Always depressurize the system before disassembly. Mark the tube behind the nut and draw a reference line on both the nut and the fitting body. On reassembly, hold the fitting body firmly and turn the nut to the marked position — you will feel a clear increase in resistance. If the fitting has been disassembled multiple times, rotate an additional 10°–20°.
Never use a loosened nut or plug to bleed the system. Never install or tighten a fitting under pressure.

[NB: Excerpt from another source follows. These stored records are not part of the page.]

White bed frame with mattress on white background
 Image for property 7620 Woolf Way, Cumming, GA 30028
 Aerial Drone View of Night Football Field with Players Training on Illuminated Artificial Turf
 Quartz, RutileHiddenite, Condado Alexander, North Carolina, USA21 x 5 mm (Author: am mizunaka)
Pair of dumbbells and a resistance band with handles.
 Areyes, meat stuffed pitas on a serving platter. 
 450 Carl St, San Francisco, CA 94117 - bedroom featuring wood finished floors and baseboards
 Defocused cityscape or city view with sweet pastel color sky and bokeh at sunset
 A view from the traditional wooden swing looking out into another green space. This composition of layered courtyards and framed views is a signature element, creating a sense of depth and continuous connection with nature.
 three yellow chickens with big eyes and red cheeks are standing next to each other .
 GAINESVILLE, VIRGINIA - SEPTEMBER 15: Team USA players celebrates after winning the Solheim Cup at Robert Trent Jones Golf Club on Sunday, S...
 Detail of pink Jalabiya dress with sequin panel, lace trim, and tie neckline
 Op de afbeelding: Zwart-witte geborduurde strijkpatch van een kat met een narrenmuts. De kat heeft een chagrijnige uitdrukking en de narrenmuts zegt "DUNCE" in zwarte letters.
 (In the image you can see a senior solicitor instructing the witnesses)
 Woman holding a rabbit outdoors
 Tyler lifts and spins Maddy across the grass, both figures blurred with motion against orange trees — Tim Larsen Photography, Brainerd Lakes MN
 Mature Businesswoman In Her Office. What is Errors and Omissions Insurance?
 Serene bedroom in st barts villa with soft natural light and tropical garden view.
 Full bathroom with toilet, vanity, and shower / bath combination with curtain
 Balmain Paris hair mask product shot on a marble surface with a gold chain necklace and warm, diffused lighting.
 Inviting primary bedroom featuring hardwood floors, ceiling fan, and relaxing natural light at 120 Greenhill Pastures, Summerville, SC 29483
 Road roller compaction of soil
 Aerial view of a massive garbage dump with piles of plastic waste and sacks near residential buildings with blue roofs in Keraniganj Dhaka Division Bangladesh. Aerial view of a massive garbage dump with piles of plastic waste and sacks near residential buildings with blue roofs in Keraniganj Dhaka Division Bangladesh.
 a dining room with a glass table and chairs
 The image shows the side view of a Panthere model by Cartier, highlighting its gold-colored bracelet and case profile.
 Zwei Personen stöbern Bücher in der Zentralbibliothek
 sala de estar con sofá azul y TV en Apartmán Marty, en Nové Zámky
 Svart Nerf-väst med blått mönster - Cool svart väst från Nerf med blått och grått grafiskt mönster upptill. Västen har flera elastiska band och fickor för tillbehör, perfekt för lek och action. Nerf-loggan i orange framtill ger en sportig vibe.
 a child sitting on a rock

Double ferrule straight connectors appear everywhere — oil and gas pipelines, pharmaceutical CIP cleaning systems, semiconductor ultra-pure water delivery, hydraulic systems, and even LNG cryogenic transfer (seals reliably down to -200°C). 316L stainless steel resists H₂S corrosion; Hastelloy handles strong acids; Hastelloy C276 tackles sulfuric and hydrochloric acid in extreme conditions. From lab instruments to aerospace plumbing, it delivers what industrial connections should: no welding, no fire risk, vibration-resistant, pressure-rated — simple, reliable, done right the first time.